Va da sé, inoltre, che mentre la rinuncia effettuata in ordine ad una specifica operazione (cioè per un preciso prezzo e a predeterminate condizioni) vale solo per essa, e - quindi - se il coerede alienante decidesse di cedere a diverse condizioni dovrebbe nuovamente interpellare i coeredi, la rinuncia preventiva determina irrevocabilmente la perdita del diritto di prelazione una volta per tutte.

Ad avviso di chi scrive il principio affermato dagli Ermellini è più che condivisibile, in quanto il diritto di prelazione sorge ove ne ricorrano i presupposti di Legge, apparendo quantomeno artificioso considerare - invece - che il diritto de quo sì nasca, ma poi si trovi in uno stato di quiescenza sino a che al prelazionario non pervenga la concreta proposta di alienazione.

Avv.

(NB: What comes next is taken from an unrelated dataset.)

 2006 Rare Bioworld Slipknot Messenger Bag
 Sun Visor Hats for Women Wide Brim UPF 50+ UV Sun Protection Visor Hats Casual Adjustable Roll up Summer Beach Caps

Gabriele Mercanti - Foro di Brescia - avv.gabrielemercanti@gmail.com

www.avvocatogabrielemercanti.it

(1) Il diritto di prelazione non trova una regolamentazione organica nel nostro sistema che, come nel caso di specie, sembra darla per presupposta. Ad ogni modo ed in linea di principio, per diritto di prelazione si intende il diritto di essere preferiti nella conclusione di un determinato contratto: in sintesi, il prelazionario non ha un diritto di concludere il contratto, ma nel caso in cui la controparte decida di stipularlo ha diritto di preferenza rispetto agli altri.

(2) Non può in questa sede approfondirsi il novero delle operazioni contrattuali che fanno scattare o meno il diritto di prelazione, contrapponendosi un orientamento restrittivo che equipara il termine "alienazione" a quello di compravendita ad uno più liberale che, invece, tende ad allargare le maglie dell'area dell"alienazione" rispetto alla sola compravendita di cui all'art. 1470 c.c..

(3) Non deve fuorviare il dato letterale della norma: estraneo è semplicemente colui che non fa parte della comunione, essendo del tutto irrilevante sul punto il grado di parentela (quindi, si può avere un parente che è estraneo alla comunione ereditaria, come può aversi un coerede che non è legato da vincoli di parentela con il defunto).

(4) La prelazione, dunque, riguarda i casi di cessione (totali o parziali) di quote ereditarie e non di cessione di singoli cespiti che, a prescindere dalla loro disciplina (peraltro oggi più che mai oggetto di vivo dibattito), non determinano l'insorgere di diritti di prelazione.

(5) Cfr. Cass. n.ri 624/1994 e 310/1999; in senso contrario cfr. Cass. n. 3.557/1975.